* [EXERCISE DESCRIPTION] Return every record below exactly; leave out the images.

* [DATA SHOWN]
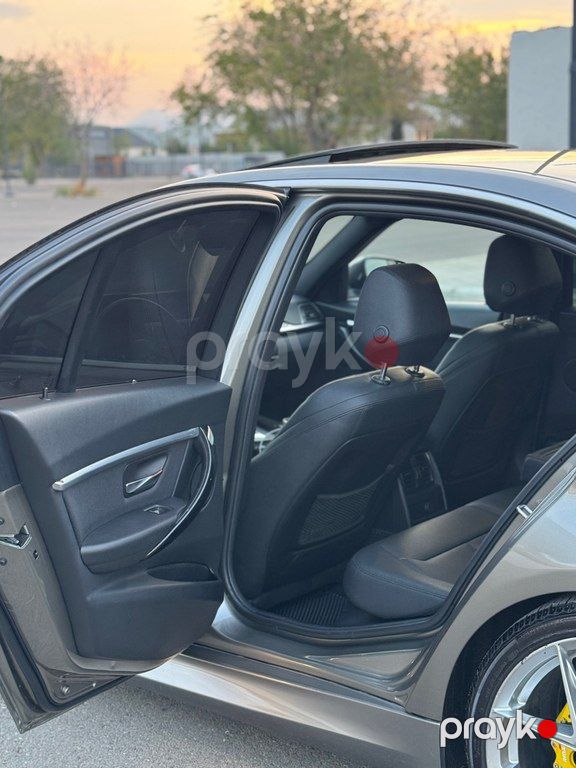 BMW 330, 2.0 L, 2018 il, 127 000 km — Avtomobillər, Gəncə (10)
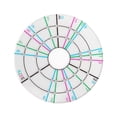 thumbnail image 4 of Homerr Pottery Trimming Tool Pottery Wheel Accessory Pottery Trimming Spinner Tool Ceramic Disc Wheel Trim Clay Tools | Easy to Use Colorful Scale Design DIY Pottery, 4 of 6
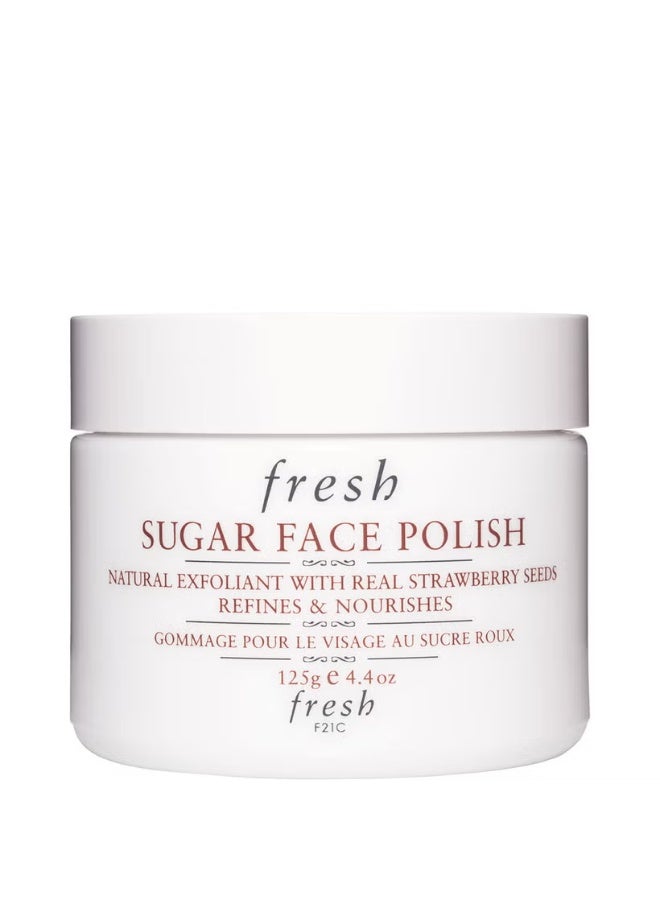 Fresh Sugar Face Polish Exfoliator 125g - Image 1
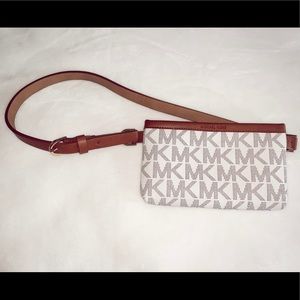 Michael Kors Fanny Pack Belt Bag MK Logo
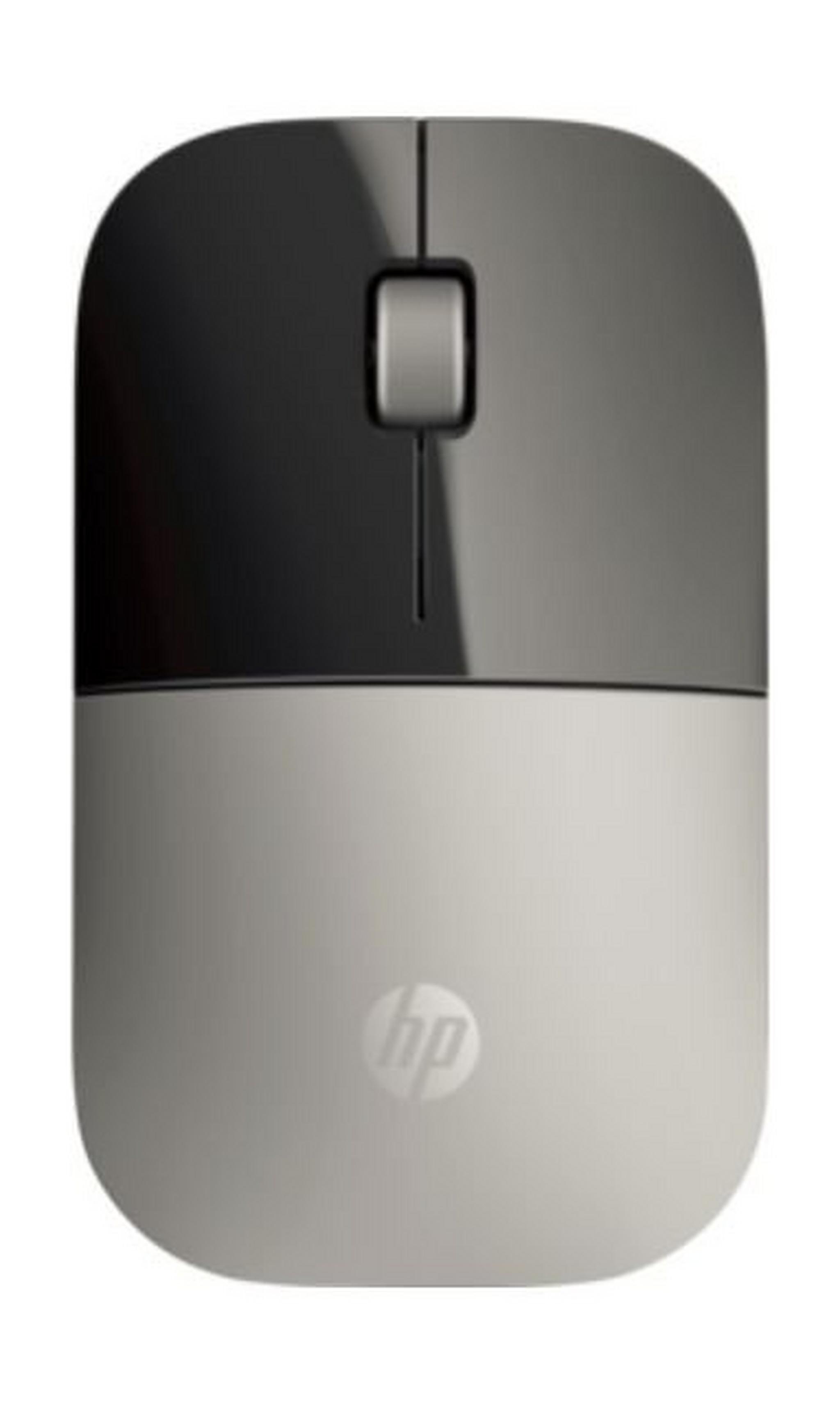 HP Z3700 Wireless USB Mouse (X7Q44AA) – Silver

* [EXPECTED ANSWER]
 BMW 330, 2.0 L, 2018 il, 127 000 km — Avtomobillər, Gəncə (10)
 thumbnail image 4 of Homerr Pottery Trimming Tool Pottery Wheel Accessory Pottery Trimming Spinner Tool Ceramic Disc Wheel Trim Clay Tools | Easy to Use Colorful Scale Design DIY Pottery, 4 of 6
 Fresh Sugar Face Polish Exfoliator 125g - Image 1
 Michael Kors Fanny Pack Belt Bag MK Logo
 HP Z3700 Wireless USB Mouse (X7Q44AA) – Silver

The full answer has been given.